Charles Lieber Trial Begins Tuesday: Here’s What You Need To Know | News

Former Harvard Chemistry chairman Charles M. Lieber is due on Tuesday on six federal charges relating to his ties to the Chinese government, nearly two years after his initial arrest. Throughout the proceedings, Lieber maintained his innocence. Here’s what you need to know before you start the arguments.

Why was Charles Lieber arrested?

Lieber was arrested on campus on January 28, 2020 for “making materially false, fictitious and fraudulent statements” to the Department of Defense and the National Institutes of Health about his relationship with the Chinese government and its Thousand Talent Program. Established in 2008, TTP recruits scientists from around the world to promote Chinese research efforts.

Although international talent recruiting programs are not uncommon, the US government has identified the TTP as a national security threat. In fact, the Justice Ministry describes the program as an initiative to “attract overseas Chinese talent and foreign experts to bring their knowledge and experience to China and reward individuals for stealing information.” confidential ”.

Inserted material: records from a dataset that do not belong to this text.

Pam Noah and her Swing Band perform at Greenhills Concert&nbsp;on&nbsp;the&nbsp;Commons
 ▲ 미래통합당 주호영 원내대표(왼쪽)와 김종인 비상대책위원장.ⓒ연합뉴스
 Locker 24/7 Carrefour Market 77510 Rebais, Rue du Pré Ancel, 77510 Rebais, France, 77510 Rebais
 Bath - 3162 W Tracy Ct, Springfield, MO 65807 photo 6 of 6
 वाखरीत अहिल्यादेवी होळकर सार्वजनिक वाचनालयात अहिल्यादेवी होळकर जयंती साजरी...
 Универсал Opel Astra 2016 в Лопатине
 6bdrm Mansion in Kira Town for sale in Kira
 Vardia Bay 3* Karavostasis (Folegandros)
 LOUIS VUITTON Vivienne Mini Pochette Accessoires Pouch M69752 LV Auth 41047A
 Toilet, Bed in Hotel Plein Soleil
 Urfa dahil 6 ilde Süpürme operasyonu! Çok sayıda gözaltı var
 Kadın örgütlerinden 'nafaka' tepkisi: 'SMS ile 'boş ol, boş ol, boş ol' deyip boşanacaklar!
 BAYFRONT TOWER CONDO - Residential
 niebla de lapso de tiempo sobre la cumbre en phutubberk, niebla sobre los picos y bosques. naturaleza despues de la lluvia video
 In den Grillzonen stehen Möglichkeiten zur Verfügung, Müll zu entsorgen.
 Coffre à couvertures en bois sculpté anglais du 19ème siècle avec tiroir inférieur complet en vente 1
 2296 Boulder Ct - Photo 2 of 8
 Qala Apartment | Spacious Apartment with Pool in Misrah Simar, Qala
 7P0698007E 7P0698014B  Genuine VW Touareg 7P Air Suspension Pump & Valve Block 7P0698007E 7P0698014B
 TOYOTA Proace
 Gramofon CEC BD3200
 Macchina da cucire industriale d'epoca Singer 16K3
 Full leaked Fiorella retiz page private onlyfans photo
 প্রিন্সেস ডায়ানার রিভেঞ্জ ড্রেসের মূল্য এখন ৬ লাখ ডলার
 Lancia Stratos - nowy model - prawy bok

Lieber was released two days later after agreeing to a million dollar bail deal, which included handing over his and his wife’s passports.

What led to his arrest?

November 2011: Lieber signs a five-year contract with Wuhan University of Technology as a “strategic scientist”. In this role, he is obligated to propose projects for research institutes in China, publish papers on behalf of WUT, accept WUT students as visiting researchers, and organize a joint Harvard research lab. -WUT in Wuhan.

July 2012 : Along with his initial contract with the WUT, Lieber signs a three-year contract with the TTP as a “top-level foreign expert with a thousand talents”. In return, WUT offers Lieber a monthly salary of $ 50,000 and living expenses of approximately $ 158,000 over three years. The contract also allocates $ 1.74 million to the joint Harvard-WUT research lab and related research.

November 2012: To receive his compensation, Lieber opens a Chinese bank account with the help of a WUT employee.

January 2013: Without consulting anyone at Harvard, Lieber signs an agreement on behalf of the university to establish the joint Harvard-WUT laboratory.

January 2015: Harvard is independently aware of WUT by using its name and logo. Lieber falsely tells university officials that WUT is using Harvard’s name without his knowledge or permission.

April 2018: The DoD questions Lieber about his active grants and overseas collaborations, to which he falsely tells investigators he was never invited to participate in the TTP. At this point, both of his contracts have expired.

November 2018: Harvard questions Lieber about his foreign affiliations and ties to WIT, following NIH inquiries.

January 2019: Harvard submits a written statement to the NIH attesting that “Dr. Lieber has declared that he is not and has never been a participant” of the TTP.

January 2020: Lieber is arrested for providing fraudulent information to DoD and NIH regarding his affiliation with TTP and WIT.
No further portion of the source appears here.